Dog Ear Support Forms | All K-9

I am thinking of putting one in one of my girl's ears, here were up, now its down again. she is about as old as your pup, haven't taped yet. It does tell you what to use to glue them in, you buy that separately I think.


----------



## voodoolamb (Jun 21, 2015)

Well... I didn't even START taping until 10 months old. It was on a wing and a prayer. Didn't think it would work as my guy has weak ears to boot. 

Low and behold they went up. He has a little weak spot in the side because I really really suck at taping and didn't have that area properly supported. Had I been more skilled I have no doubt they would have come out perfect.

I did heavy diet supplementing too. Lots of knox gelatin. Lots of raw chicken feet. For the collagen. I even made my own "ears up" treats in the dehydrator with liver, kale, papaya, orange, cottage cheese and more gelatin as vitamins A, C and D are important for cartilage production and repair. 

I wouldn't give up till closer to a year.


----------



## Casto (Jun 18, 2016)

I would bet, from what you described, the ear will come up on its own. Big frame, teeth are not all the way in, good history. Jupiter (my GSD) is Almost 9 months and had a left ear issue. Teeth started bleeding real bad around 7 months and the next 2 or 3 days later it went up. was a little floppy while running but they are catching up with him finally. Good Luck!


----------



## cloudpump (Oct 20, 2015)

shep1978 said:


> 6 months and 21 days. I really want two pointy ears. I'm taping them myself after being shown by the VET months ago, I was just as the vet last week getting him fixed.


I'm curious if neutering at that age will affect the ear...
Anyone know? Loss of hormones with already weak ears


----------



## shep1978 (Aug 22, 2016)

Per the vet, no.


----------



## Julian G (Apr 4, 2016)

Give him a chewable that lasts a long time. Take him out at night a lot because they are more alert at night and use their ears to point towards strange sounds. Make him really use those ears. It's not too late.


----------



## MineAreWorkingline (May 2, 2015)

cloudpump said:


> I'm curious if neutering at that age will affect the ear...
> Anyone know? Loss of hormones with already weak ears


Good question. It affects bones and growth, not sure if it would have an impact on cartilage.


----------



## shep1978 (Aug 22, 2016)

Casto said:


> I would bet, from what you described, the ear will come up on its own. Big frame, teeth are not all the way in, good history. Jupiter (my GSD) is Almost 9 months and had a left ear issue. Teeth started bleeding real bad around 7 months and the next 2 or 3 days later it went up. was a little floppy while running but they are catching up with him finally. Good Luck!


He does have back molars coming in also.

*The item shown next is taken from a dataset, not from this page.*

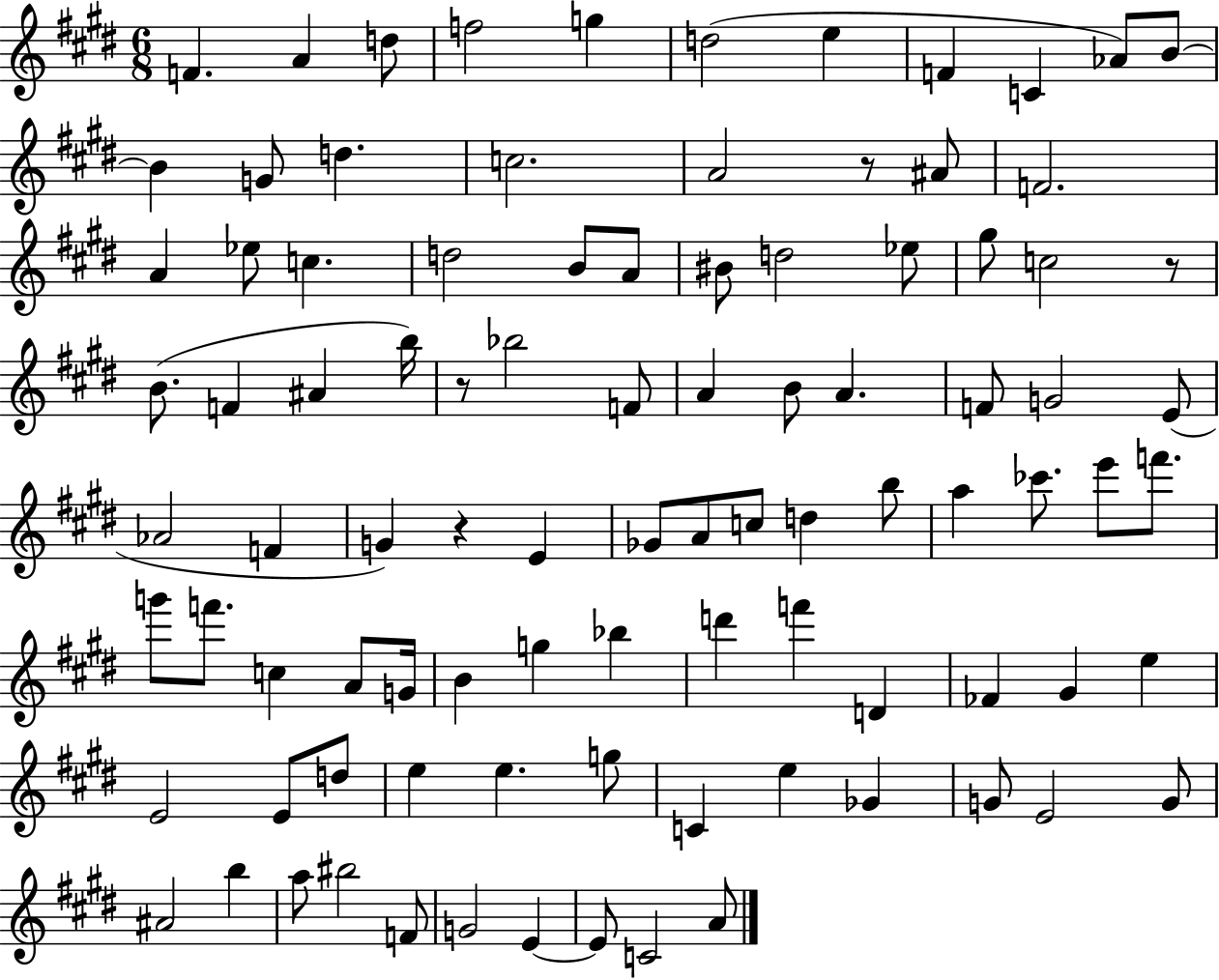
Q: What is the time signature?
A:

I will keep taping and checking every 7 days.


----------



## scarfish (Apr 9, 2013)

shep1978 said:


> My pup is now 29 weeks old


i can't help other than a tip. people don't count in weeks past 8 unless they are a pregnant female. i have no clue what 29 weeks is. sure i can divide but who likes to? nobody. 

hope the ear goes up. that's why it took over a year to find my last puppy. i needed a good breeder with pups with ears up and ready to sell at 8 weeks. even my pup before that, half the litter was ears up and half down. i picked the most ambitious/wandered off more with ears up. i could be wrong but it the are up at 8 weeks, they sometimes go down again and back up at teething but you know they'll go back up.


----------



## scarfish (Apr 9, 2013)

i don't want to hear the "o you picked a dog on looks". yes partially. it was my money i bought what i wanted.


----------